Travel agencies of the kind that Bistrich resorted to exist in large numbers, and not only in Germany.
“Most professors and teachers whom we invite to give lectures prefer to get their visas via such travel agencies because it is easier,” said Yelena Belokurova, a professor with the Center for European and German Studies of St. Petersburg State University. “Although they come here to teach, they get tourist visas through these agencies. Even creating an official invitation for these professors is a lot of hassle — you have to collect several signatures at the university alone — and then their personal presence is required at the consulate both at the time of application and the time of collection. Many professors would need to travel far from their small towns for these appointments at the consulates.”
It is well known that many people on both sides of the EU-Russia borders solve the bureaucracy versus fake documents dilemma by choosing the latter option. Most are far from happy to do so, but often see no way to legally fulfill all the requirements, despite having no criminal intent.
“To achieve political solutions, the first thing that is required is to call things what they really are,” Bobrovskaya said. “The visa issue has become a lucrative and highly profitable field for all sorts of parasites these days. And that does not help national security.”

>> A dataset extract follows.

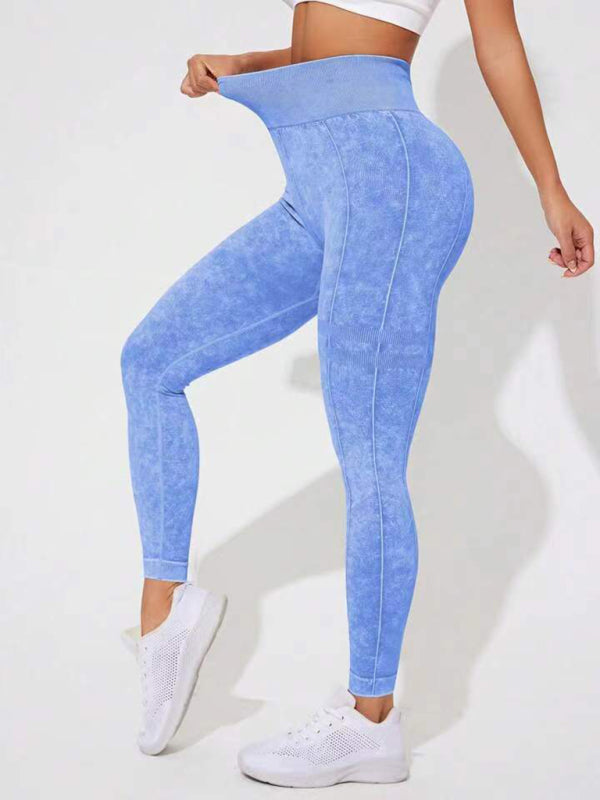Modern washed frosted peach hip trousers tights sports trousers leggings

These sentiments are very close to Christoph Hoerstel, head of the Visa working group at the German-Russian Forum in Berlin. For starters, the politician concedes that the easiest way for a St. Petersburg resident to get to Germany is by applying for a Schengen visa at the Finnish Consulate, which requests far fewer documents.
“The Consulate of Finland issues three times as many visas as the German Consulate, and this is hardly surprising considering the impressive difference in the list of documents that is required for application,” he said. “The Schengen requirements are standard for all countries in the agreement, but a lot depends on a particular state’s interpretation of them, and even on the attitude of a particular clerk.”

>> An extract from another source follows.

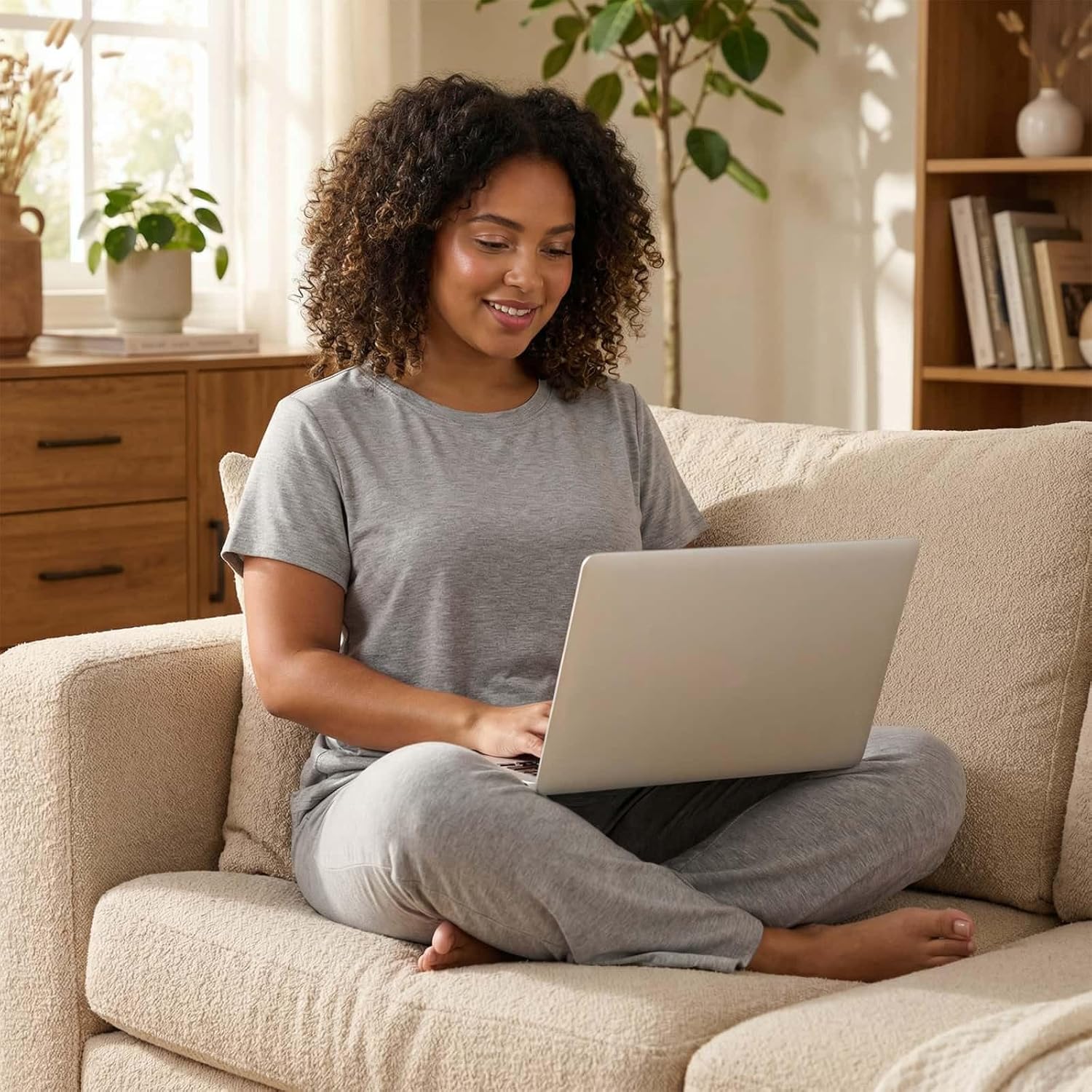 Viscose from Bamboo Pajama Set for Women Cooling Short Sleeve PJs with Pants & Pockets 2-Piece Lounge Sleepwear - Image 5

In spring, Hoerstel and his counterparts contacted the German parliament with a request to make public the contents of a document that was signed between Russia and the EU at the end of 2011, in which a long list of specific steps essential for reaching visa-free travel was outlined. The appeal has so far gone unanswered.
Yet Hoerstel is not discouraged. He feels that progress on the visa issue is tangible.
“One serious indicator is this: When my group was beginning its work, politicians referred to 2018 as the possible date for the start of visa-free travel, and now most people are talking about 2014,” he said.
“This is a clear sign of a crucial change in the mindset of politicians.”